The exhibition includes famous adulterers, past and present, but disappointingly, omits examples from contemporary Asian politics.

On the line to Kuala Lumpur, East Asia Today's Christopher Gunness spoke to Mr Shah Rum Yub, the brains behind the show, who told him that one of the centre pieces of the exhibition is a fascinating display of chastity belts:

Shah Rum Yub (Kuala Lumpur): Altogether we have twenty-five sections of the exhibition, and the chastity belt comes under anti-adultery tactics. We have a replica of a genuine chastity belt I managed to get in 1966 - a couple of them: one for male and one for female - from Mexico. It was used in the middle of the nineteenth century, in the plantations to prevent male workers having sex with the wife or the daughter of the planters. In Europe we never came across male chastity belts.

Christopher Gunness: What does it look like?

Shah Rum Yub: It looks like... well, it covers the male's private parts.

Christopher Gunness: And how is it locked?

Shah Rum Yub: It's locked at the waist and the man's private parts are enclosed in that particular enclosure.

Christopher Gunness: What about in Asia? Have you got many chastity belts from Asia?

Shah Rum Yub: From Asia, no. We never came across any in Asia. Mostly they come from Europe, from the fourteenth, fifteenth up to eighteenth century.

Christopher Gunness: Chastity belts are only one of the anti-adultery devices that your exhibition features. What are the others?

Shah Rum Yub: Well the other one is castration - eunuchs. We have photographs of a Chinese male eunuch.

Christopher Gunness: And where else apart from China?

Shah Rum Yub: Apart from China they also had them in the Harems of Turkey.

Christopher Gunness: And what about the attitude of the Malaysian government? There's one report that you had to black out the picture of man's genitals because he was pictured trying to escape on a horse.

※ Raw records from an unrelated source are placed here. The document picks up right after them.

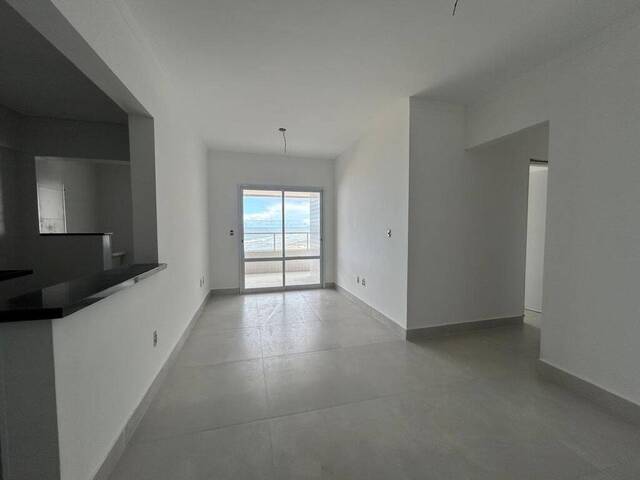 #6749 - Apartamento para Venda em Praia Grande - SP
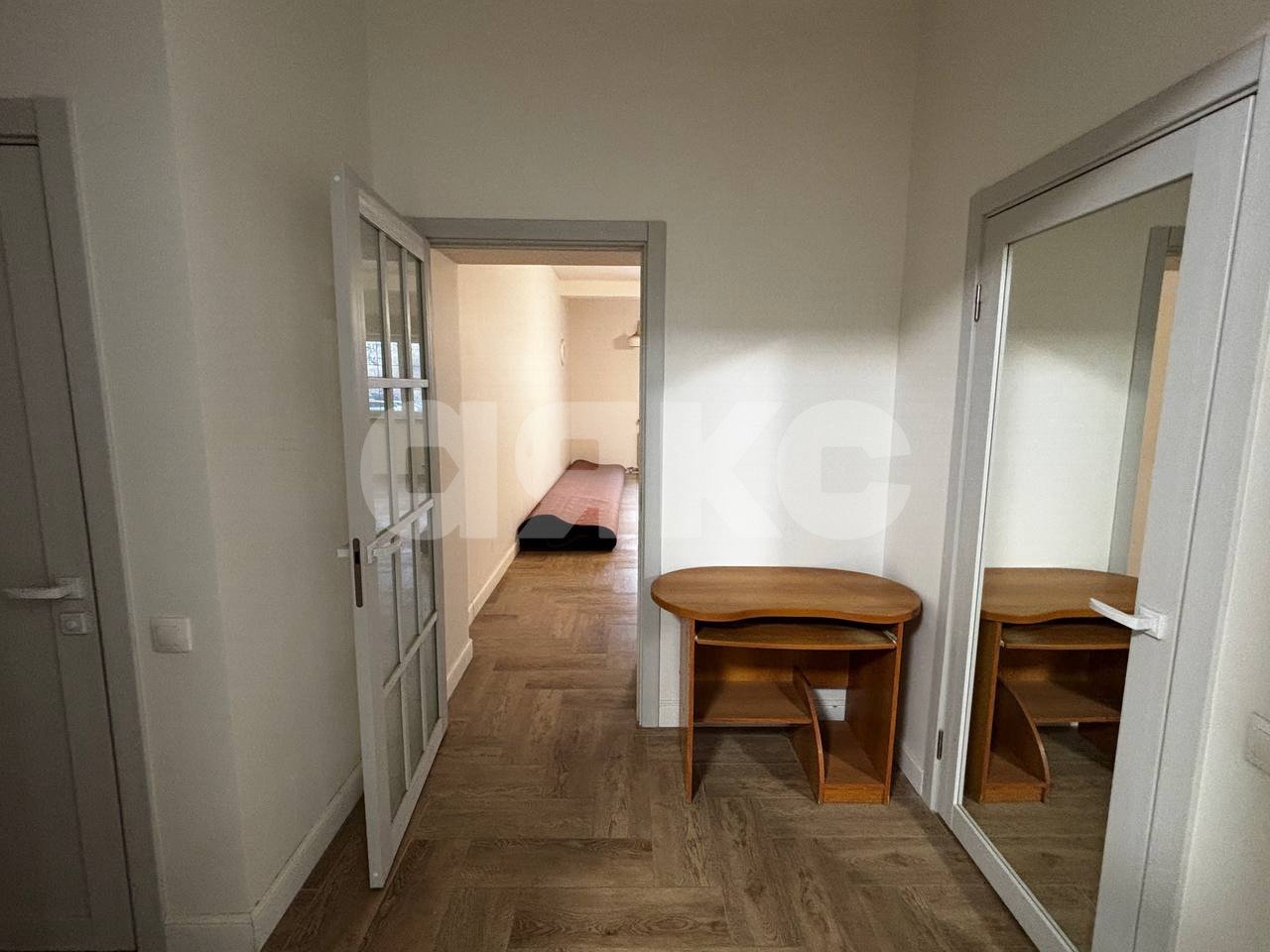 Фото №21: Коммерция 110 м² - Волгоград, Центральный, ул. Глазкова, 23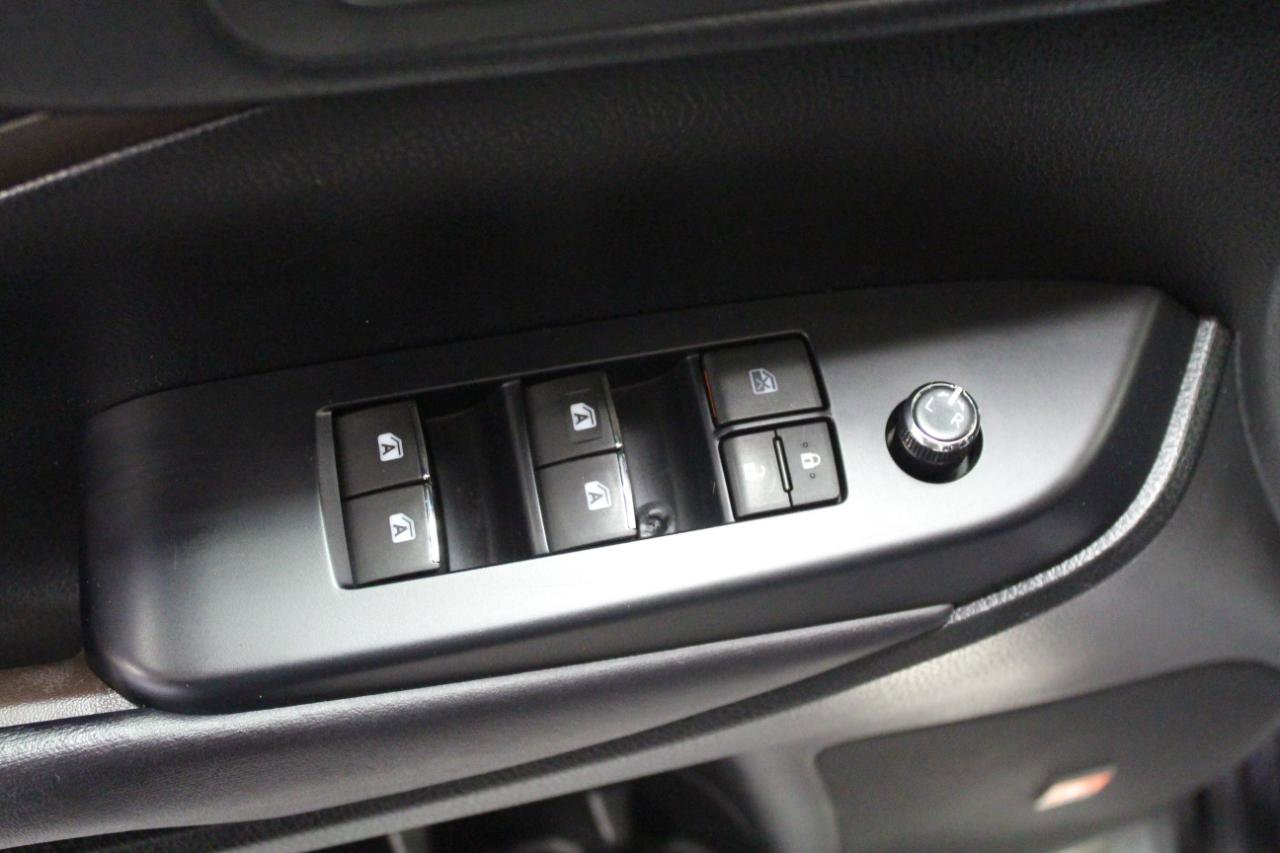 Used 2017 Toyota Highlander Limited Platinum image 21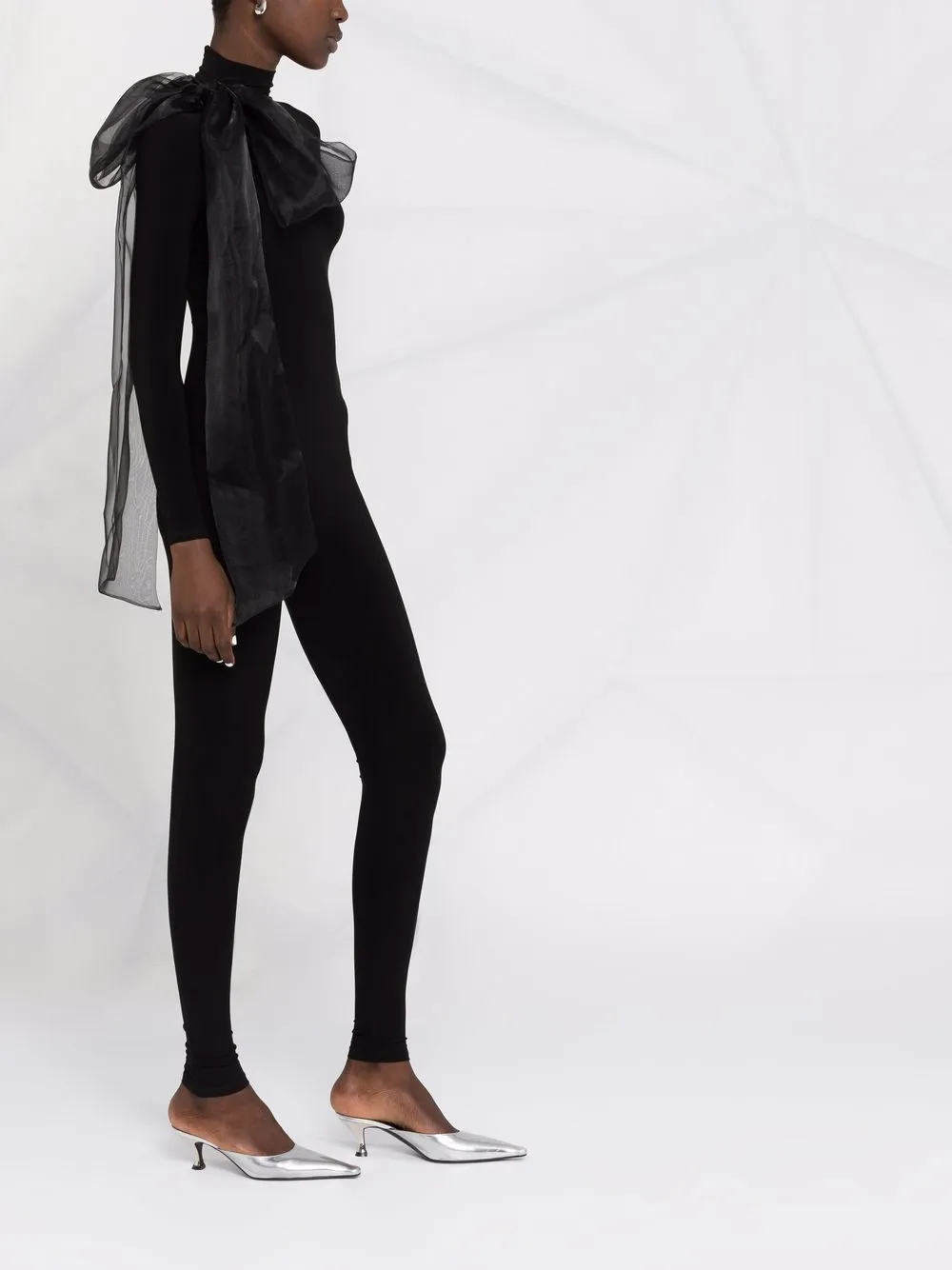 фото Atu body couture комбинезон с объемным бантом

Shah Rum Yub: That's right I have one section called adultery in art. This is one illustration of one of the well-known artists - a French artist I think. And I didn't realise that that particular male part could be seen because my attention was not taken to that particular area. So somehow somebody noticed it and we had to spray that part. It's a very sensitive subject, and I was glad that it got through the cabinet. Originally it was supposed to be called an anthropology of adultery but we had to change it to infidelity.